Natalia Ginzburg: All Our Yesterdays

March 4, 2023

      Until I got halfway through this novel, I really wasn’t sure; I’d been a little put off by Sally Rooney’s gushing introduction and was wondering what on earth she had been on about. There wasn’t any sudden epiphany moment, but a growing sensation that this was good, the perspective was interesting and the message was becoming clearer.

It’s a novel set in Italy in the years of fascism leading up to the Second World War, the compromises people made, and the effect of Mussolini’s collapse and the German takeover. As the story progressed I found myself more and more reminded of Irène Nemirovsky’s astonishing Suite Française. There is the utter confusion of ordinary decent people whose lives are overtaken by war and who don’t know what to do, and a powerful anti-war message about the futility, pointlessness and total insanity of it all; even when war is over, the survivors are still lost. That’s a statement of the bloody obvious, and yet it takes skill to make us see it so powerfully and effectively.

There are so many characters you need to draw yourself a miniature family tree, just as if you’re reading a Russian novel. The gradual buildup to war is very much the background to the family story in the first half, with the focus on the youngest member, Anna, and her somewhat childish fantasies and dreams about revolution; people drift aimlessly, not conscious of what is going on around them or what is about to happen. Life happens to Anna, and this comes through in the evenness of the tone of the narrative, and the writer’s eschewing of reported speech.

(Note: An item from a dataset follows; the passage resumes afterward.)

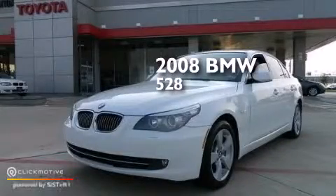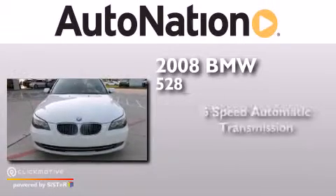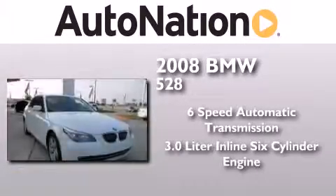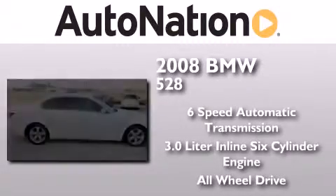This is a 2008 BMW 528. This car has a six-speed automatic transmission, a 3.0 liter inline six-cylinder engine, and the added safety and control of all-wheel drive.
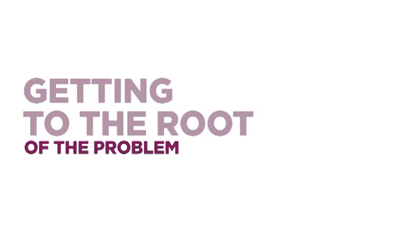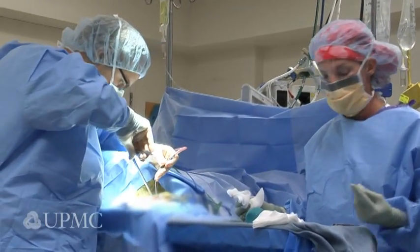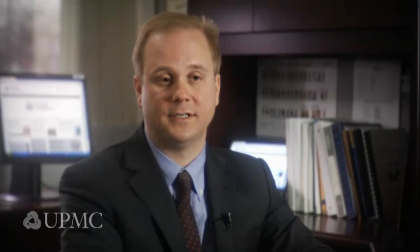A microvascular decompression of the facial nerve works by relieving the blood vessel or vessels that's compressing the facial nerve. We make a small incision behind the ear and remove a small piece of the bone, usually about 2 by 1.5 centimeters. Then we open the lining over the back part of the brain, which is called the cerebellum, and make our way without any trauma to the brain stem where the facial nerve exits.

Everything sharpens halfway through, with Anna’s unexpected pregnancy, a marriage of convenience to save her honour, and her move to a village deep in the south, in the middle of nowhere; here I was also reminded of Carlo Levi’s stunning Christ Stopped at Eboli, with its picture of dire poverty, isolation, ignorance and hopelessness.

Until I got into the rhythm of the story, I found the monotone, the evenness of the narrative, the lack of variation in pace a little annoying; the use of purely sequential narrative is not a style of story-telling that is much used nowadays. There were no twists in the plot, no subplots, no suspense, and yet it all gradually became a more and more compelling read. There’s not really a lot of story, if truth be told, there are just people, lives and consequences, and the way the effect of it all crept up on me was pretty powerful. I recommend this one.